PSEG was issued the SWO for failing to get site plan review from the Planning Board, not holding a public a public hearing, and not getting approval from the Architectural Board of Review or obtaining a building permit.
The order, Supervisor Cantwell said in a phone conversation, will remain in effect until the Amagansett sub-station project is in compliance.
While the order does not prohibit the ongoing installation of transmission poles through the eastern half of East Hampton and into Amagansett, it is a step in the right direction according to Sarah Brooks Minardi a member of the advocacy group Save East Hampton that is lobbying to have the poles buried. “It's validation,” Ms.
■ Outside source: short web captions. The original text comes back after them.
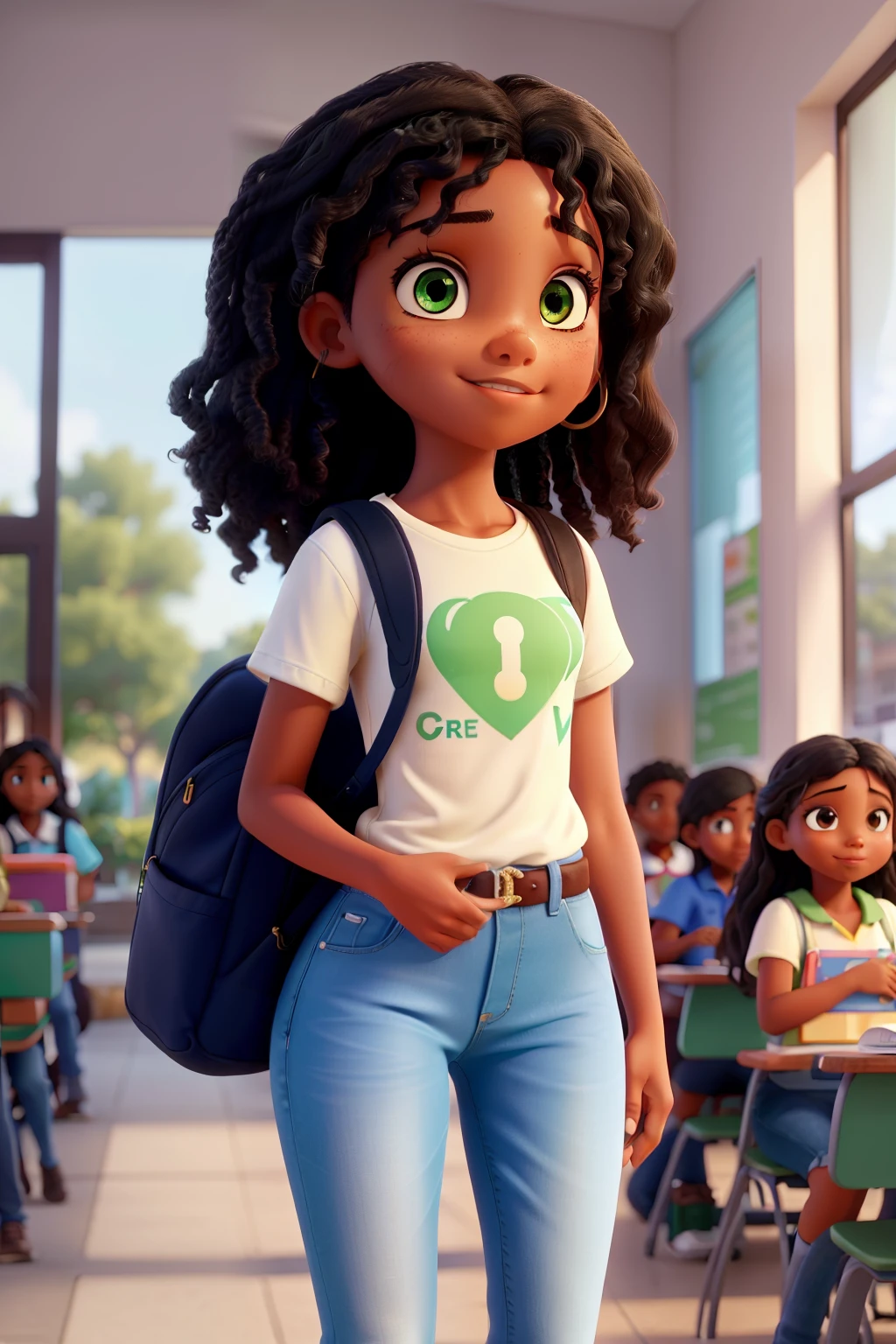 A Brazilian girl, with perfect black skin, gleaming brown and wavy hair, and bright green eyes, is captured in 8k, UHD, maximum quality photography. She is seen dressed in blue jeans and a white t-shirt, her posture exuding confidence and joy. In her hands, she holds a blue backpack filled with school supplies, while the background reveals the bustling environment of her school. The picture portrays her in the fullness of her youth and beauty, a true masterpiece.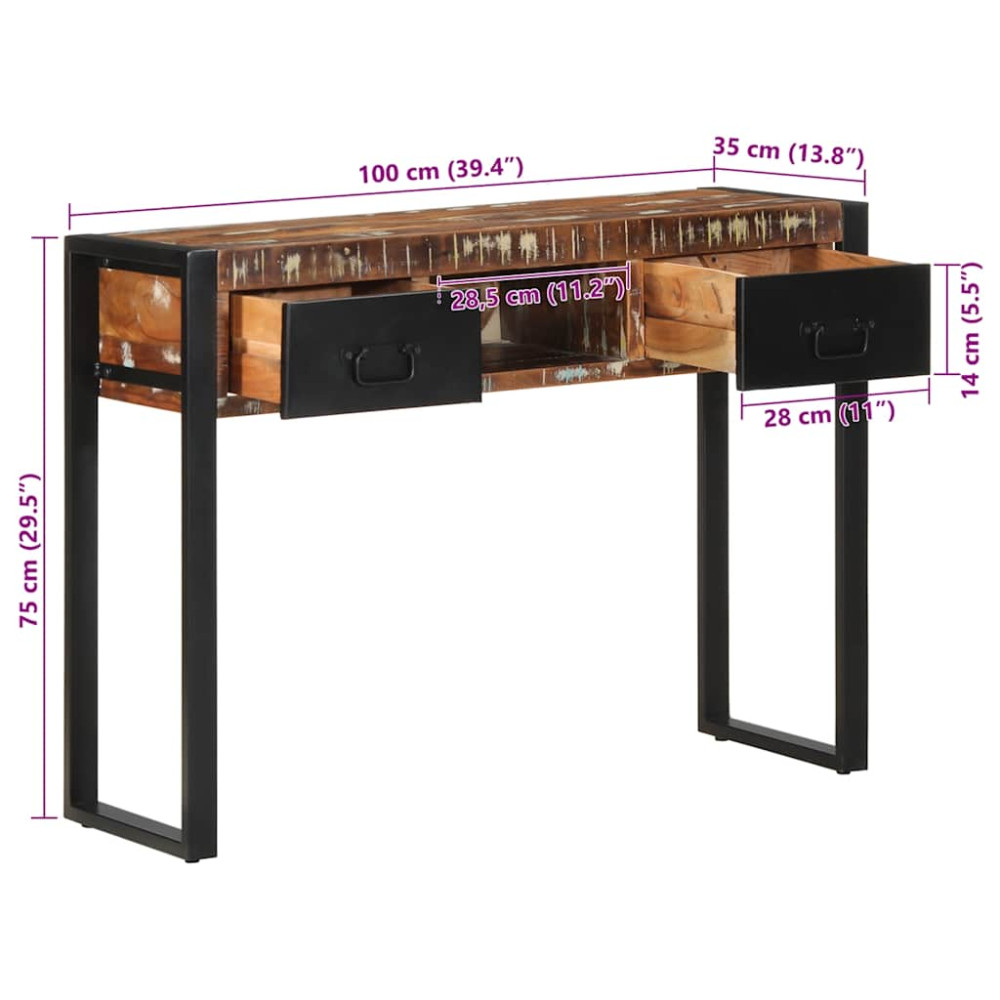 Produktbild för Avlastningsbord flerfärgat 100x35x75 cm massivt trä återvunnet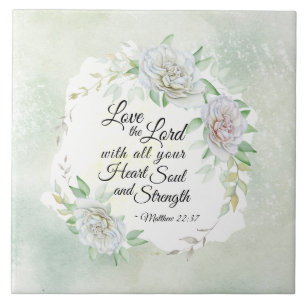 Matthew 22:37 Love the Lord with all your Heart Tile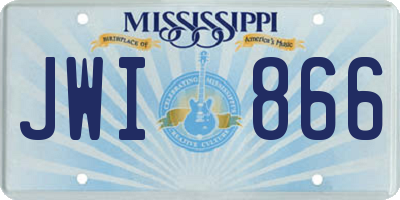 MS license plate JWI866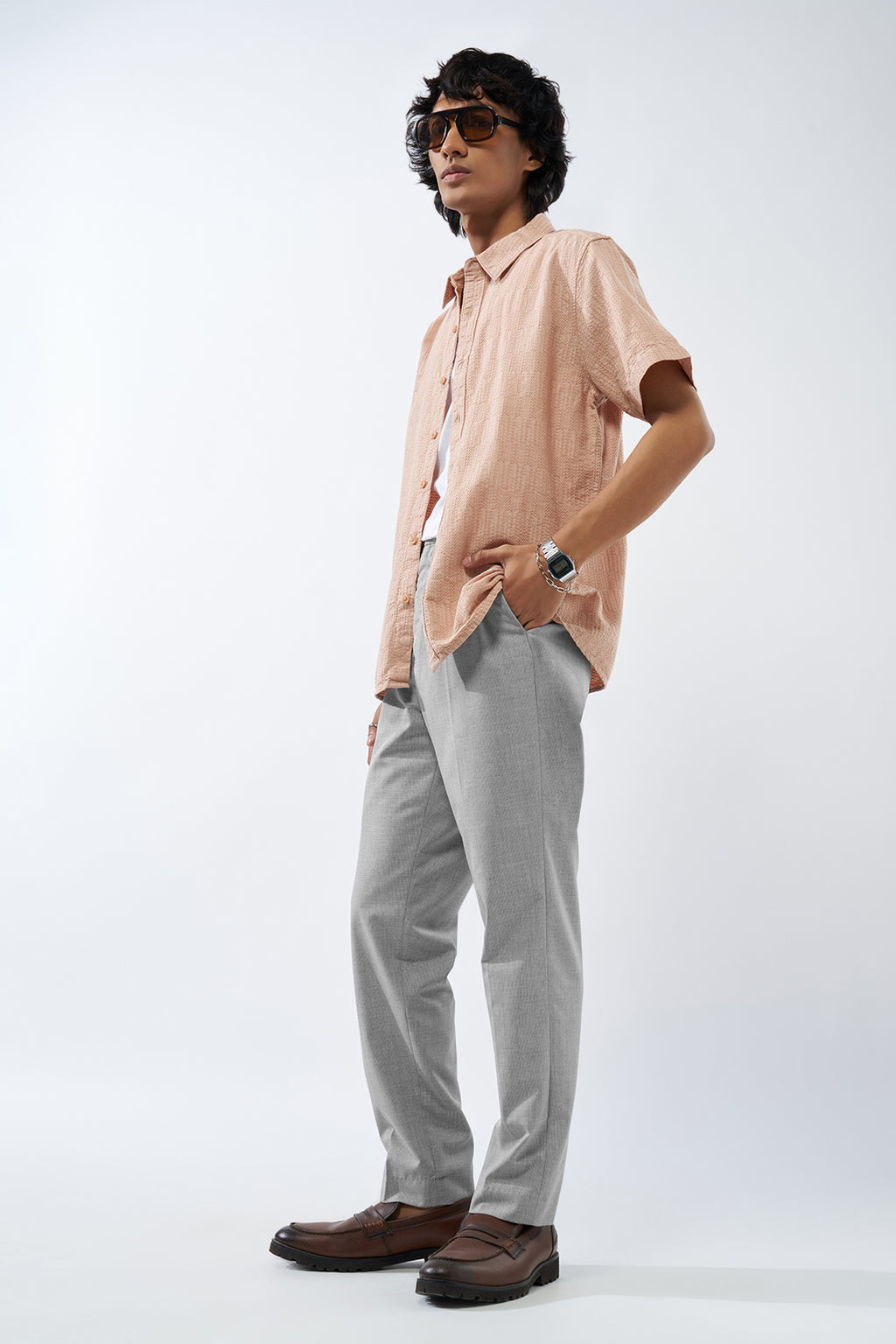 Peach Textured Cotton Shirt for Men - Image 6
Minardi said, “that our government is trying to help us.”
Presently, two 23-kilovolt electric lines running on a single line supply power to areas of eastern East Hampton said Jeffrey Weir a spokesman for PSEG. “The new line,” said Mr. Weir, “will connect East Hampton with the Amagansett substation.”
Mr. Weir said the SWO was unexpected. “To be honest with you,” he said, “it’s disappointing and surprising. Larry Cantwell was Village Administrator and involved with all the processes we went through to get the project originally approved to provide safe and consistently reliable electricity, last summer.”
The Amagansett substation was the subject of a meeting between the Long Island Power Authority and representatives of the Town of East Hampton, including Sylvia Overby a Town Councilwoman, Thursday. Discussed were the aesthetic concerns of the residents of Amagansett over the appearance of the Amagansett substation which has been in the process of being improved ever since PSEG first announced plans to upgrade the electrical wires connecting the eastern part of the Town of East Hampton with the rest of Long Island were first discussed last autumn.
“It is our understanding that the Long Island Power Authority is not required to get permits,” Mr. Weir said. However, at the meeting with Ms. Overby to discuss the appearance of the Amagansett substation “There was no mention of a Stop Work Order,” Mr. Weir said. “It was about beautification.”
In closing Mr. Weir summarized PSEG’s position on the burying of the power lines: “I think it’s important to note we’ve said we’re amenable to burying the lines as long as the rest of Long Island doesn’t have to pay for it.”